Freedom Property Fund Limited
(Incorporated in the Republic of South Africa)
(Registration number: 2012/129186/06)
Share code: FDP
ISIN: ZAE000185260
(“Freedom” or “the Company”)


THE SPECIFIC ISSUE OF SHARES TO SETTLE GUARANTEE SHARE OBLIGATIONS, THE
DISPOSAL OF STELLENBOSCH INDUSTRIAL AND THE ADOPTION OF THE FREEDOM LONG
TERM INCENTIVE PLAN


1. INTRODUCTION


     1.1. Specific Issue
          Freedom shareholders (“Shareholders”) are hereby advised that Freedom has entered into
          agreements with the Christo La Grange Gesins Trust and the Lafras Joubert Gesins Trust
          (“Trust Agreements”) in terms of which the Company will, subject to certain conditions
          precedent, including Shareholder approval, issue an aggregate of 323 845 455 new
          Freedom ordinary shares (“Specific Issue Shares”), representing approximately 31.5% of the
          Company’s existing issued ordinary share capital, at an issue price of R0.22 per Specific
          Issue Share (“Subscription Price”), as settlement of guarantee share obligations amounting
          to R71 246 000, on the terms and conditions set out in paragraph 2 below (“Specific Issue”).


     1.2. Disposal of Stellenbosch Industrial
          Shareholders are further advised that Freedom, through its wholly-owned subsidiary Passion
          Way Props Proprietary Limited (“Passion Way”), has concluded an agreement for the
          disposal of the Stellenbosch Industrial property, for a sale consideration of R49 000 000, as
          set out in paragraph 3 below (“Disposal”).


     1.3. Freedom Long Term Incentive Plan
          Shareholders are further advised that the Company wishes to adopt the Freedom Long Term
          Incentive Plan (“LTIP”) in the manner contemplated in paragraph 4 below.


2.   THE SPECIFIC ISSUE


     2.1. Terms of the Specific Issue
          In terms of the Trust Agreements, approved by the board of Freedom on 11 August 2015, a
          total of 323 845 455 Specific Issue Shares will be issued as follows:


        Name of party                  Nature of relationship        Number of        Rand value
                                                                       shares          of shares
      (collectively “the
            Trusts”)


    Christo La Grange        Current Freedom Shareholder,            214 945 455      R47 288 000
    Gesins Trust             holding approximately 17.6% of
    (“Christo Trust”)        Freedom’s existing issued share
                             capital

    Lafras Joubert           Current Freedom Shareholder,            108 900 000      R23 958 000
    Gesins Trust (“Lafras    holding approximately 7.7% of
    Trust”)                  Freedom’s existing issued share
                             capital

    Total                                                            323 845 455      R71 246 000



    The Specific Issue Shares to be issued in terms of the Trust Agreements will be Freedom
    ordinary shares, which is a class of shares already in issue.

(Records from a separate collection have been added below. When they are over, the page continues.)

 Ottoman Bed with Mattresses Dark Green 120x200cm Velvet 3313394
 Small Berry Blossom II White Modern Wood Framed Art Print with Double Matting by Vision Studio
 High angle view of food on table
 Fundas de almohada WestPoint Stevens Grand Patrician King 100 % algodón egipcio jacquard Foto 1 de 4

The Specific Issue Shares will,
    upon issue, rank pari passu with the existing Freedom ordinary shares in issue.


    In terms of the Trust Agreements, Freedom has given the subscribers the warranties and
    representations that are usual in transactions of this nature.

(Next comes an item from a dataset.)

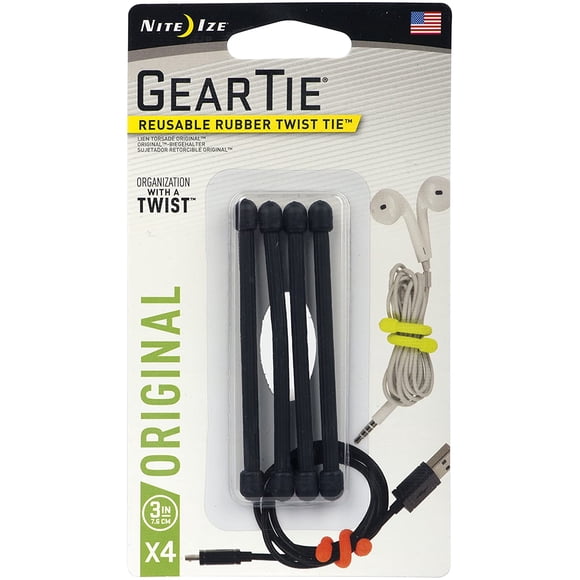 Pack 4 Amarras de goma multiuso GearTie 7 cm negro Nite Ize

    The Subscription Price represents a premium of approximately 5% to R0.21, being the 30-
    day volume weighted average trading price (“VWAP”) of Freedom ordinary shares traded on
    the exchange operated by the JSE Limited (“JSE”) over the 30 days up to and including 7
    August 2015, the last trading day prior to this announcement.

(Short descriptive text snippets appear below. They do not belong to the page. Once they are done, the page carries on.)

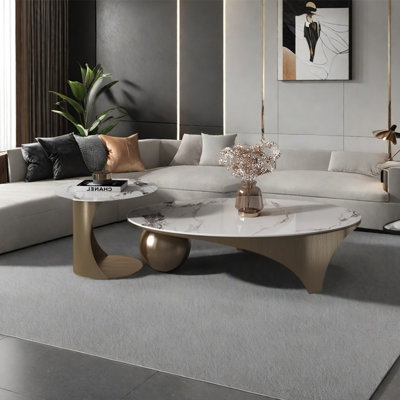 Modern oval rock plate coffee table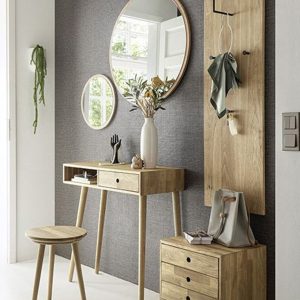 Taboret okrągły drewniany dąb Huglo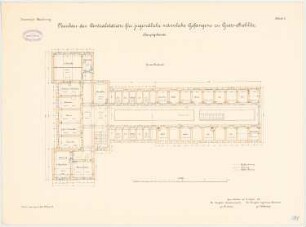 Zentralstation für jugendliche männliche Gefangene, Groß-Strehlitz: Haupthaus: Grundriss 1. Obergeschoss 1:100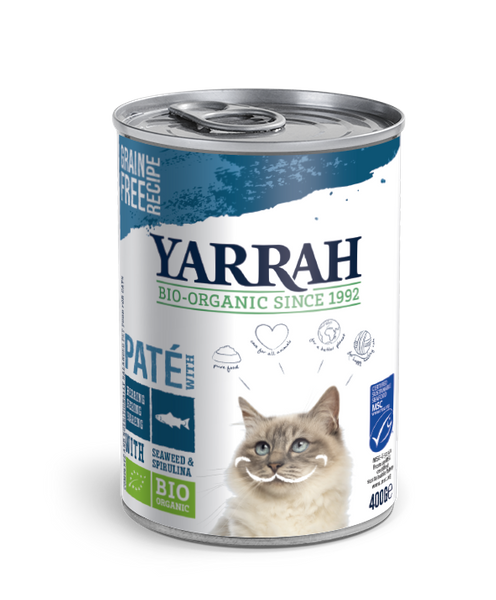 Pasztet dla kota ze śledziem i algami morskimi 400 g - Yarrah (EKO)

2.2. Rationale for the Specific Issue

    As set out in the Company’s pre-listing statement dated 5 June 2014, Freedom, through its
    wholly-owned subsidiary Off Peak Props Proprietary Limited (“Off Peaks”), acquired Kadoma
    Investments Proprietary Limited from the Trusts by way of an issue of Freedom ordinary
    shares, which included a total of 100 million guarantee shares, in terms of acquisition
    agreements dated 8 August 2013 and addenda thereto (“Acquisition Agreements”). In terms
    of the Acquisition Agreements, Freedom would be obligated to top-up the value of guarantee
    shares sold below R1.00 during the first year from the date of Freedom’s listing on 12 June
    2014. As no guarantee shares had been sold during the year ending 15 June 2015, Freedom
    reached an agreement with the Trusts that the value of the obligation under the guarantee
    shares would effectively total R71 246 000, as set out in paragraph 2.1 above.
    In terms of the Acquisition Agreements, the value of the obligations of Freedom under the
    top-up on the guarantee shares, as set out above, would amount to a payment of R1 000
    000 per month to the Trusts. The Trust Agreements allow for the obligations of Freedom to
    be settled, in full and final settlement, by way of the issue of the Specific Issue Shares. As
    Freedom requires its cash flow and financial resources to develop its extensive portfolio of
    properties, the Company and its board are fully supportive of the Specific Issue.


2.3. Conditions Precedent for the Specific Issue

    The Trust Agreements are subject to the fulfilment of the following remaining conditions
    precedent in relation to the Specific Issue, by the specified dates, that:–

     2.3.1.   by no later than 17h00 on 31 October 2015, the Shareholders of Freedom approve
              the Specific Issue; and
     2.3.2.   by no later than 17h00 on 14 August 2015, the trustees for the time being of the
              Lafras Trust approve the terms of the Trust Agreements.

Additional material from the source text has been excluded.